-- Collected material follows --

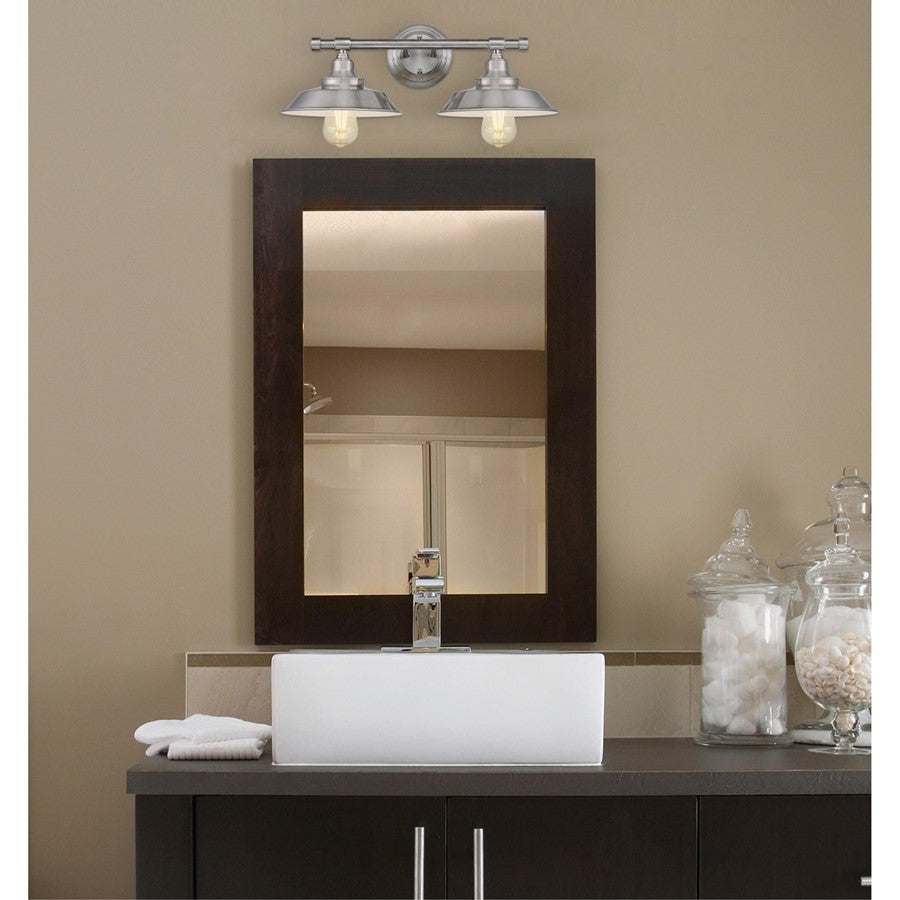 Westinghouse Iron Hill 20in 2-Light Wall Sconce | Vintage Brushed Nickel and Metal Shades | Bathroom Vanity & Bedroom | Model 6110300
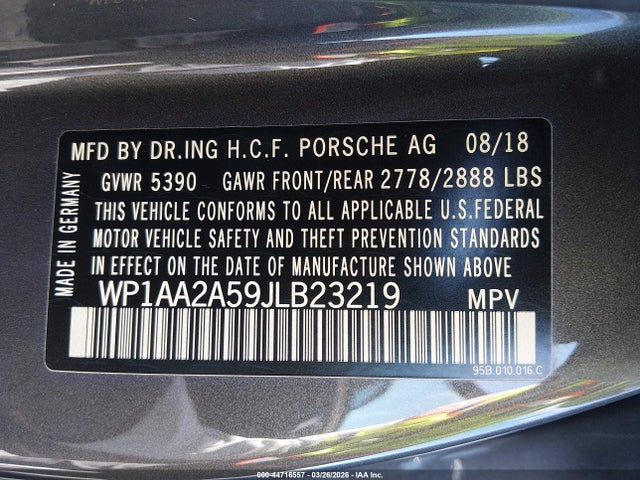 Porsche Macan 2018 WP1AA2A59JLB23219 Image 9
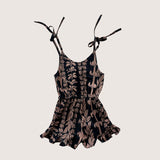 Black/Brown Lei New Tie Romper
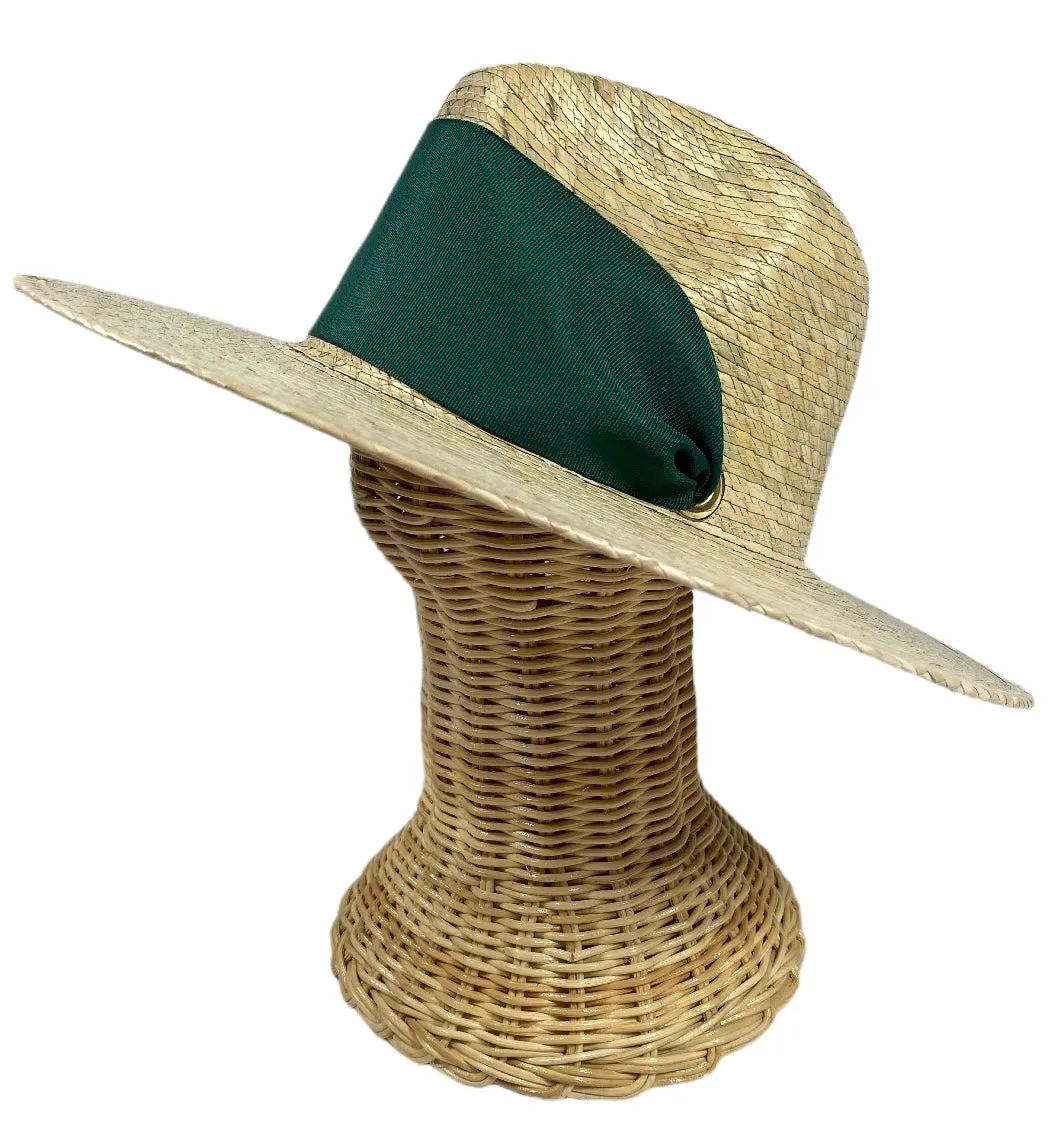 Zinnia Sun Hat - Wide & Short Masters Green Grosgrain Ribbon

-- Collected material concluded --

*Task to carry out*.
The material is to be reproduced verbatim, and no picture may appear in the copy.

*Exercise output*.
 Westinghouse Iron Hill 20in 2-Light Wall Sconce | Vintage Brushed Nickel and Metal Shades | Bathroom Vanity & Bedroom | Model 6110300
 Porsche Macan 2018 WP1AA2A59JLB23219 Image 9
 Black/Brown Lei New Tie Romper
 Zinnia Sun Hat - Wide & Short Masters Green Grosgrain Ribbon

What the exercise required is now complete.